The Undergraduate Senate (UGS) unanimously tabled a joint resolution with the Graduate Student Council (GSC) to designate Stanford as a sanctuary campus at Wednesday’s weekly meeting. This resolution would prevent the University from assisting with Immigration and Customs Enforcement (ICE) and Customs and Border Protection (CBP)’s federal immigration enforcement unless mandated by a court order.
UGS’s motion to table follows an update from resolution co-author and GSC representative Artem Arzyn ’25 M.S. ’25, who recently met with Provost Jenny Martinez and Vice Provost for Academic Affairs Stephanie Kalfayan on this issue.
Arzyn told the Senate that, based on the meeting and discussions with fellow GSC members, it would be best to table this resolution, citing the University’s position on institutional neutrality and GSC’s concerns over the issue being “highly publicized.”

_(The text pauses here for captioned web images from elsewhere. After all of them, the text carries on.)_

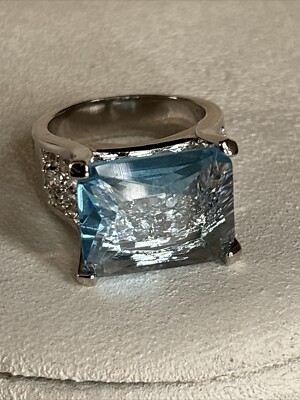 Park Lane Noelle Ring Light Blue Rectangle Accent Crystals Silver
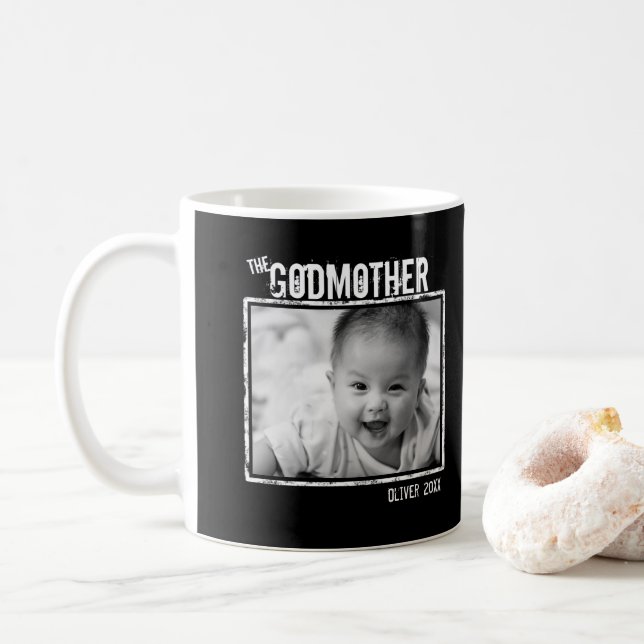 The GodMother | Personalized Photo and Name Black Coffee Mug (With Donut)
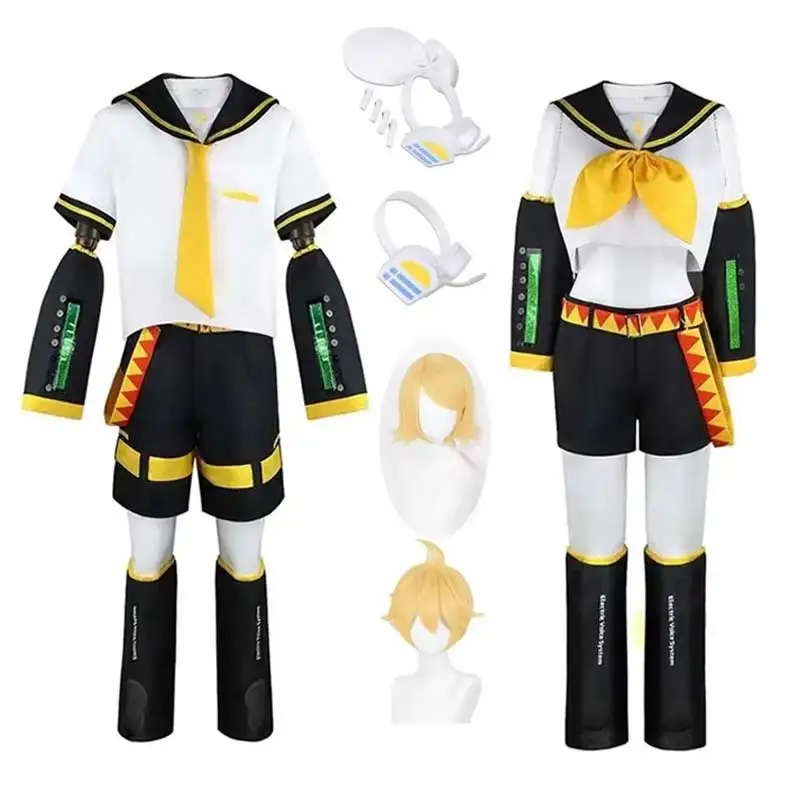 Kagamine Rin Cosplay Kostuum Kagamine Len Cosplay Outfit Sailor Volledige Set Pak Voor Unisex - afbeelding 2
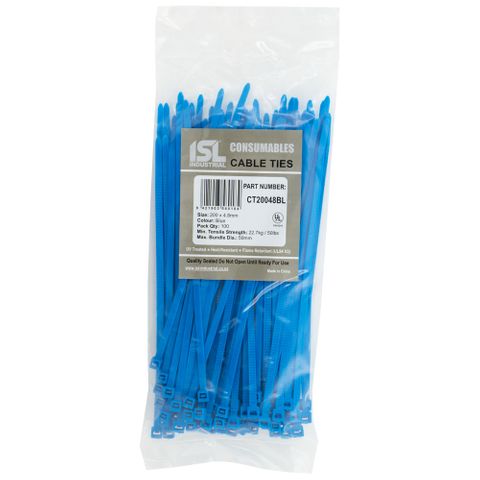 ISL 200 x 4.8mm UV Nylon Cable Tie - Blue 100pk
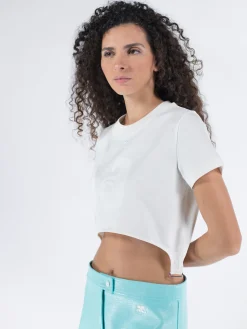 COURREGES T-Shirt<T-SHIRT CROP COTTON SHELL PRINT Bianco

“Personally, I think it’s concerning that professors, staff members and students are allowed to want fellow students to be deported,” Arzyn said. “But it does align with the institutional neutrality position.”
Arzyn reassured UGS of the University’s continued support for undocumented immigrants through a “training or renewal position in some capacity,” funding for external lawyers and willingness to answer students’ questions surrounding immigration and commitment to providing them with resources.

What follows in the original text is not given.